Encontrar ese maná —muchas veces utópico— de la bravura verdadera es una empresa compleja, casi imposible pese al nivel alcanzado en los últimos lustros por los ganaderos. Dicha bravura no es acometividad indómita; es fijeza, clase y entrega. Aquel que emprende este camino busca ese equilibrio mágico que convierte a un toro en un animal digno del rito, pero la genética no es una ciencia exacta. Años de selección, de descartar lo que no sirve, de confiar en una embestida que no siempre se transmite, se ponen a prueba en apenas unos minutos sobre la arena. Es entonces cuando se impone la verdad cruda: “Dios dispone, el hombre propone, y el toro lo descompone”.
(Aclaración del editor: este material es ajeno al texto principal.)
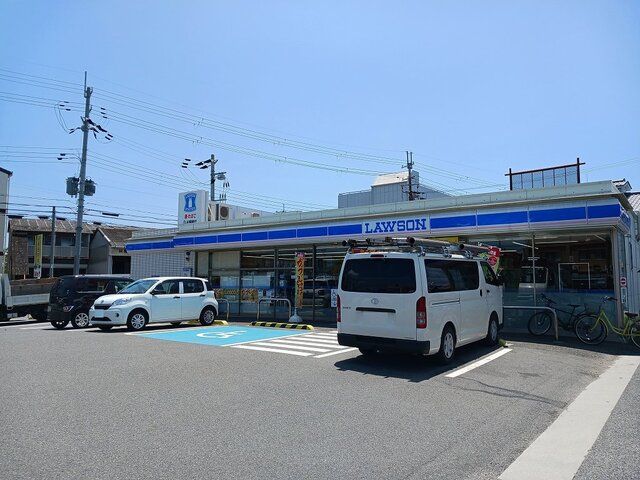 近くのローソン狐島東店様まで750m(徒歩10分)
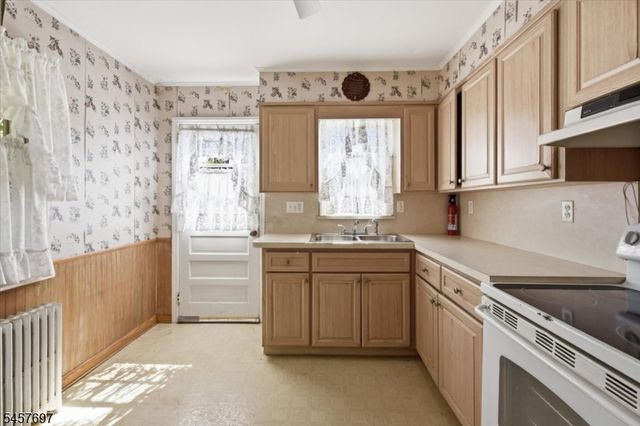 24 Jordan Ter, Dover Town, NJ 07801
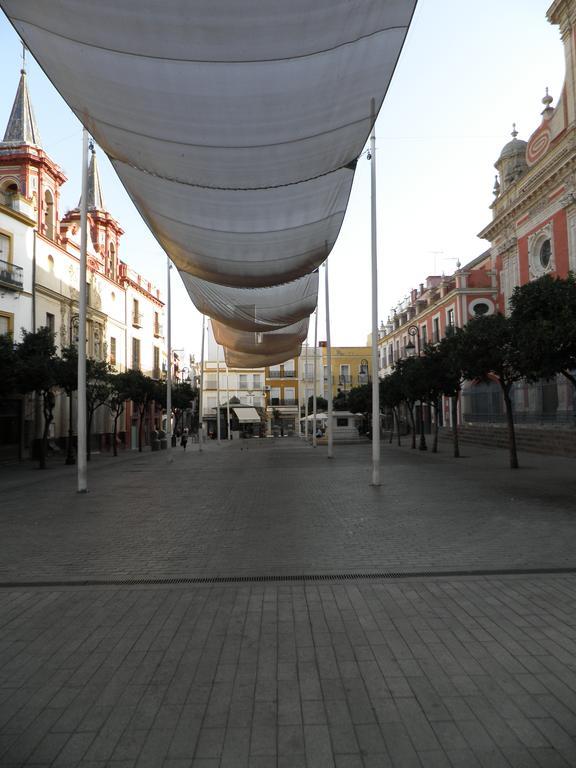 Apartamento Centro Plaza Salvador, Wifi Free& Parking Opcional 塞维利亚 外观 照片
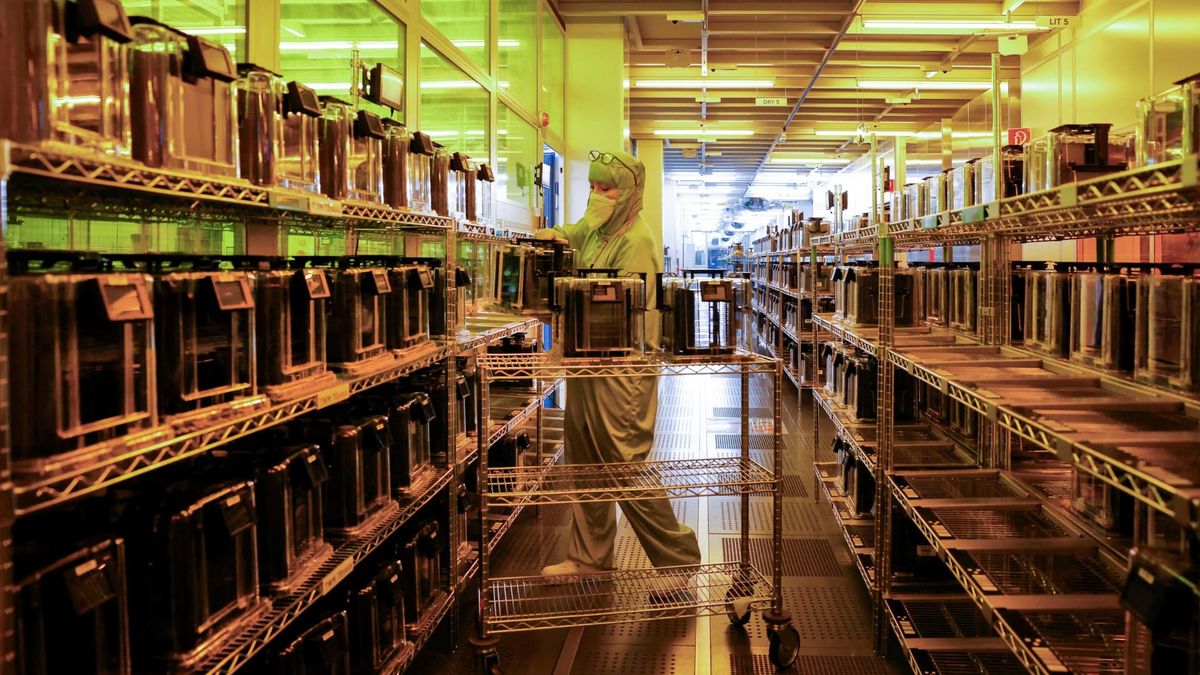 TSMC-backed Vanguard and Dutch firm NXP to build .8 billion Singapore wafer plant TSMC-backed Vanguard and Dutch firm NXP to build .8 billion Singapore wafer plant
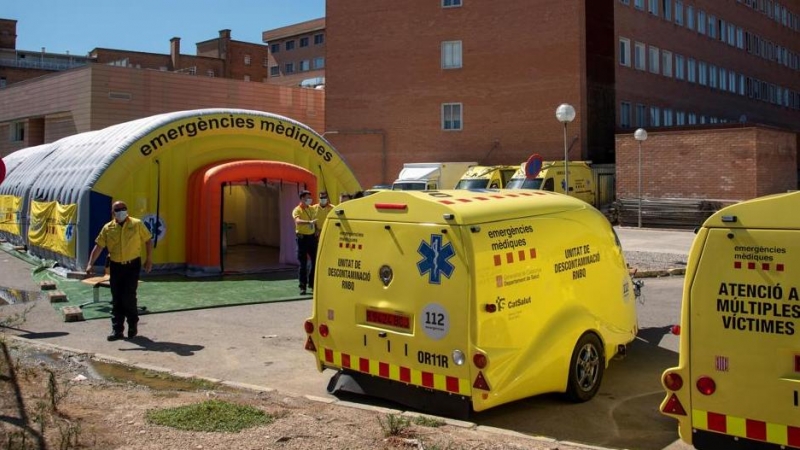 El Sistema de Emergencias Médicas (SEM) de la Generalitat de Cataluña ha instalado este viernes un hospital de campaña, formado por tres módulos independientes , junto al Hospital Universitario Arnau de Vilanova de Lleida, ante los nuevos brotes de corona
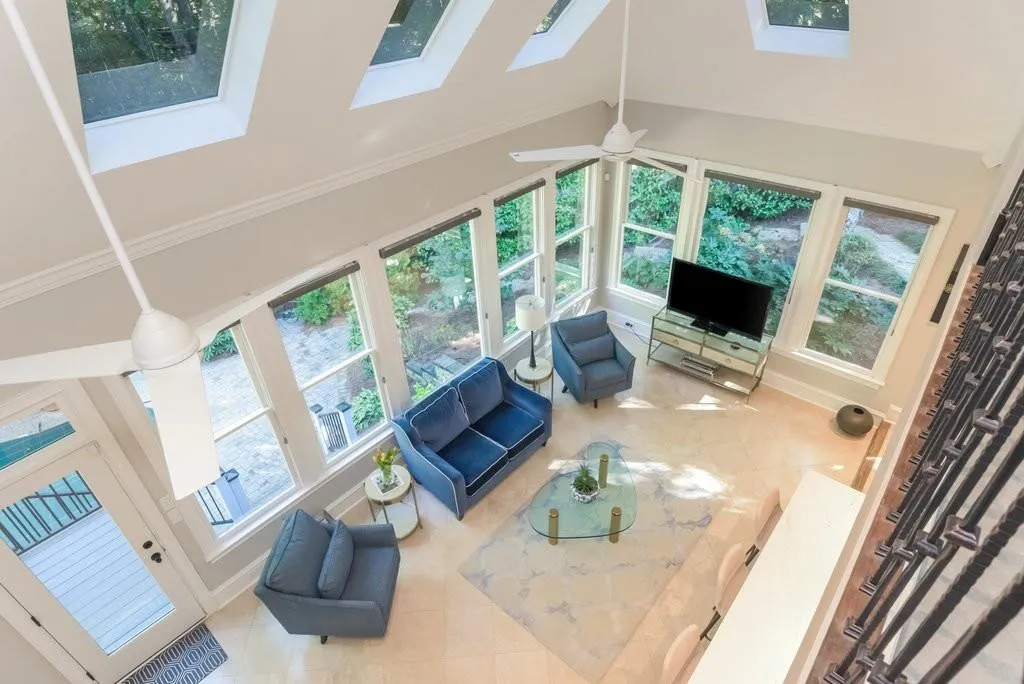 825 Marseilles Drive, Atlanta, Georgia 30327, 5 Bedrooms Bedrooms, ,5 BathroomsBathrooms,Residential,Sold,825 Marseilles Drive,7471245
La selección para alcanzar el objetivo que todo ganadero sueña es una labor silenciosa, cocida a fuego lento en la soledad del campo. El criador de bravo hace tiempo que huyó de ese toro simplón que no molesta, ese animal dócil e insulso que tantas tardes tragó el aficionado. Porque la bravura auténtica no es espectáculo fácil: exige, pone en aprietos y no siempre es agradecida por quien se pone delante. Pero sin ella, no hay tauromaquia. Cada toro es un enigma, y por mucho que se estudie su reata o se confíe en sus orígenes, hasta que no rompe la puerta de chiqueros no se desvela su alma.
Lo ocurrido en muchas tardes, como en la reciente —e inapelable— mala corrida de Juan Pedro Domecq en Madrid, deja claro que el toro puede arruinar cualquier planteamiento. Ni la historia del hierro ni la categoría del cartel bastan si no hay casta ni fondo en los animales. Entonces todo se viene abajo: el toreo se convierte en trámite, el espectáculo se desmorona y la afición se desespera. Porque sin bravura no hay emoción, y sin emoción no hay verdad.
El toro lo descompone, sí; pero también es, muchas veces, quien pone su vida al servicio del arte y permite que nazcan faenas que quedan grabadas en los anales del toreo. Por eso, encontrar la bravura no es solo un objetivo: es la razón de ser de esta fiesta en la que se crea arte jugando con la muerte, y eso lo sabe un Jua Pedro Domecq Morenés que vivió en Madrid una tarde donde sus animales no le dejaron en buen lugar.
Hubo que esperar al sexto. Un sobrero de Torrealta que vino a remendar, y rescatar, un encierro de Juan Pedro Domecq excesivamente correcto, políticamente domesticado. En tarde impía, Aguado, in extremis, devolvió la fe a los tendidos. “Son toreros para esperar. No por capricho, sino por argumentos. Porque cuando pueden (y quieren, añadirán algunos), torean, con perdón, como Dios”, escribió con precisión José Miguel Arruego. Tres líneas que resumen una tarde que pesaba como una losa para una afición esperanzada tras la importante corrida lidiada lidiada la pasada Feria de Abril.
Una decepción profunda por el juego de los cinco astados titulares, en la primera plaza del mundo, donde solo el sexto —ese parche— ofreció las mínimas virtudes necesarias para soñar con el toreo. Una corrida falta de poder, carente de casta, que no dio el juego que esperaban toreros, aficionados, ni —por supuesto— el propio ganadero.
De ahí que muchos dirigieran su mirada hacia Juan Pedro Domecq, quien, tras cada festejo, analiza en redes sociales el comportamiento de sus toros. “Hoy en Madrid no salieron las cosas como uno quiere. Así es la bravura, la profesión y el arte de ser ganadero: paciencia y humildad. Habrá Sevillas y habrá Madrides. Sevilla es el futuro de la ganadería y Madrid el pasado, donde se juntan muchas cosas que he ido quitando y eliminando…”. Declaración sincera que reconocen el tropiezo y exponen, sin tapujos, la crudeza de este difícil mundo de la cría del toro bravo. “Siento cuando uno defrauda a la afición, a la que respeto, quiero y admiro. La crítica me hace mejor ganadero”, añadía. Porque así es este mundo: un territorio implacable, donde el toro, siempre, tiene la última palabra.